I'm new to Fossil, and considering how it fits into my work etc. and I have a question that is fairly important to me.

Assuming a person changes name, and for reasons of either trauma or personal safety does not want their old name visible in a repository. How would Fossil handle this? I know there is the amend command, but this only adds a correction, which means the old name is still locatable and, worse, is now connected to the new name, making datamining easy.

This sort of need has appeared in my vicinity in the past at workplaces using Git, and while it was not entirely painless, we could "just" rewrite all commits in the repo.

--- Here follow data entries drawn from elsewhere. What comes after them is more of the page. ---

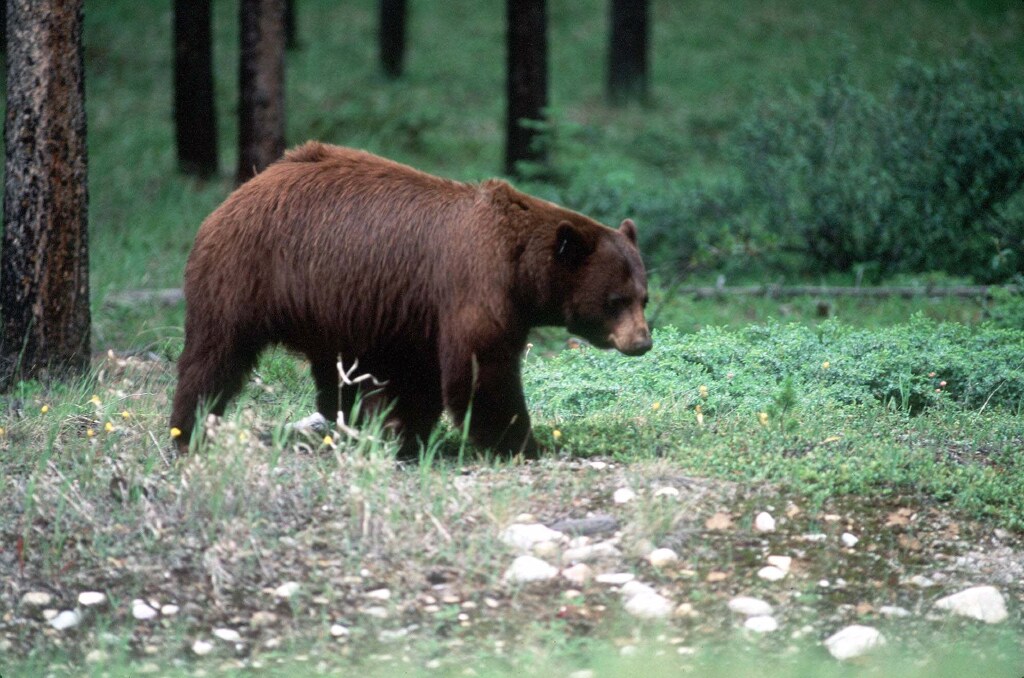 A Wyoming hunter faces up to a year in jail and a $10,000 fine if he is convicted of killing a protected grizzly bear outside Yellowstone National Park.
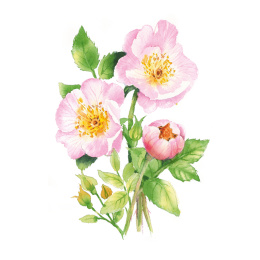 Draw 30: Flowers i gruppen Skapande & Hobby / Böcker / Instruktionsböcker hos Pen Store (137215)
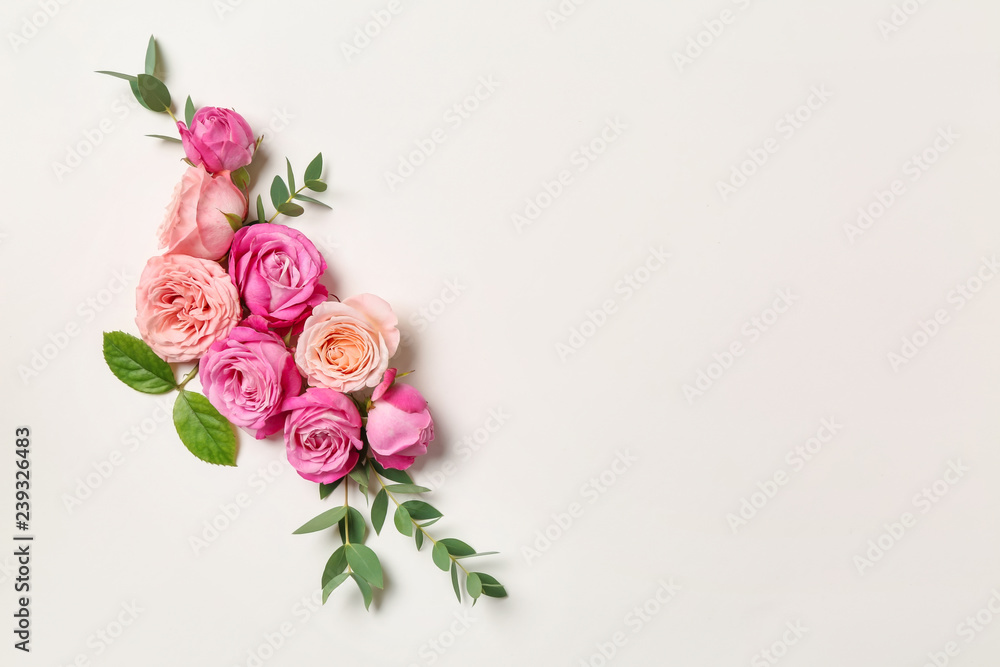 Beautiful pink roses on white background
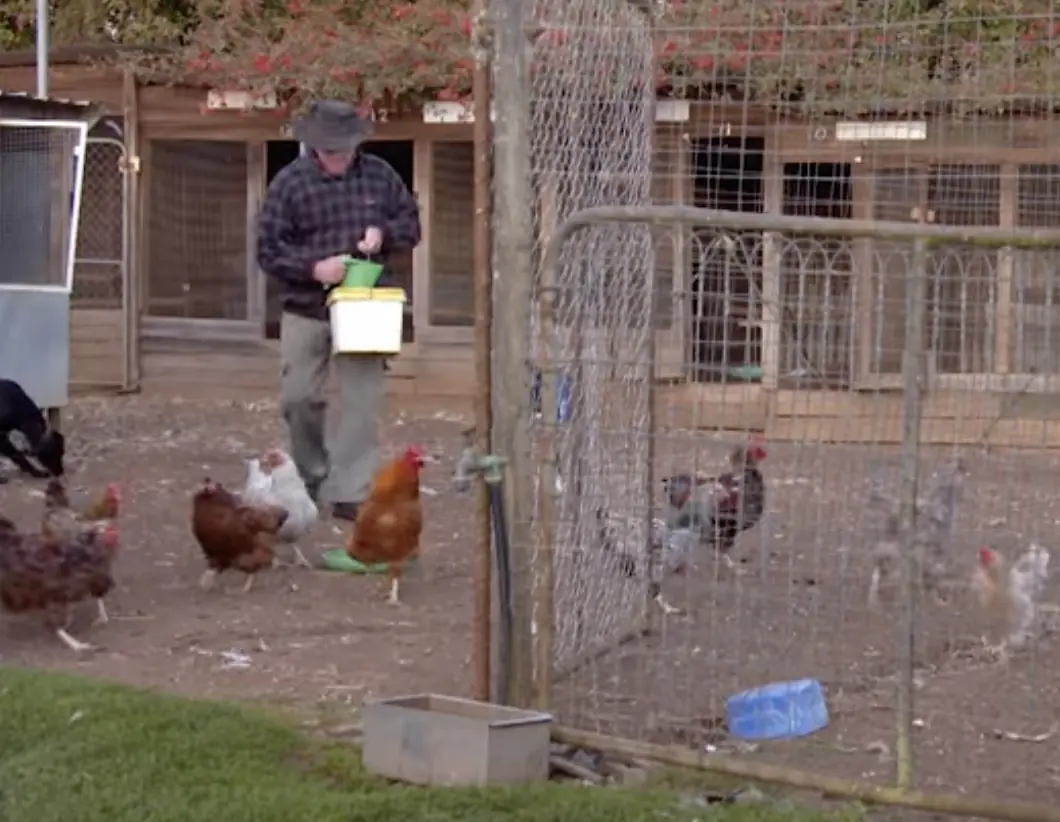 Wilson's chickens cost thousands of dollars, with people traveling from far to buy them. Credit: ABC Australia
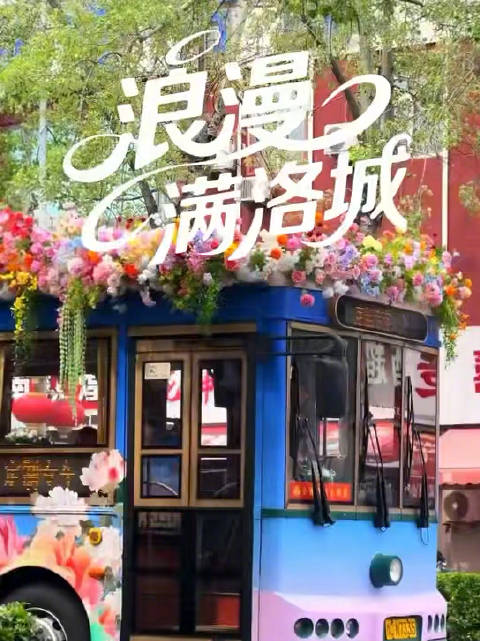 洛阳街头公交车簪花穿行步步惊艳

(2) By Warren Young (wyoung) on 2023-10-06 13:25:09 in reply to 1 [link] [source]

That's what would have to happen in Fossil, too: "just" rewrite all the commits, invalidating all other clones' ability to sync to the parent until re-cloned.

The desire to change past facts to match current desires is anti-Fossil. I doubt you're going to see such a whole-repo rewriting feature appear in Fossil, ever.

Nothing stops you from round-tripping through Git to accomplish this, though.

(3) By anonymous on 2023-10-06 14:46:45 in reply to 2 [link] [source]

Thanks for your answer, I assumed something like this would be possible, if ugly. I assume one could write their own rewriter by changing the database directly?

I do wonder, though.

Wouldn't the design be almost exactly the same, but allow for this change, if author names were just not included in the commit hash? Having them only as tags (which I realise are also immutable, but can probably be purged in the database much more easily?) would not change much about how the repo is used or how secure the content is, but would allow the very real usecase of people changing names. Where proof of provenance is required, signing the commits would be a much better mechanism anyway.

This is not actually something Git can do, so I'm not comparing the two here, but it seems like something Fossil, in contrast to Git, could fairly easily accomplish, since it already has its artifact and tag system. This would make renames a relative non-issue.

I'm focusing on this specific usecase because in most systems designed for historical correctness, the harm this might create is overlooked. Most of the time this is a trade-off, and mutability sometimes has to be sacrificed (someone changing their legal name will not, for example, change old signatures etc.), but this seems like a case where this is not actually a trade-off. Of course, changing something like this after the fact would be a whole different matter I assume, but I'm interested in what you think of the concept.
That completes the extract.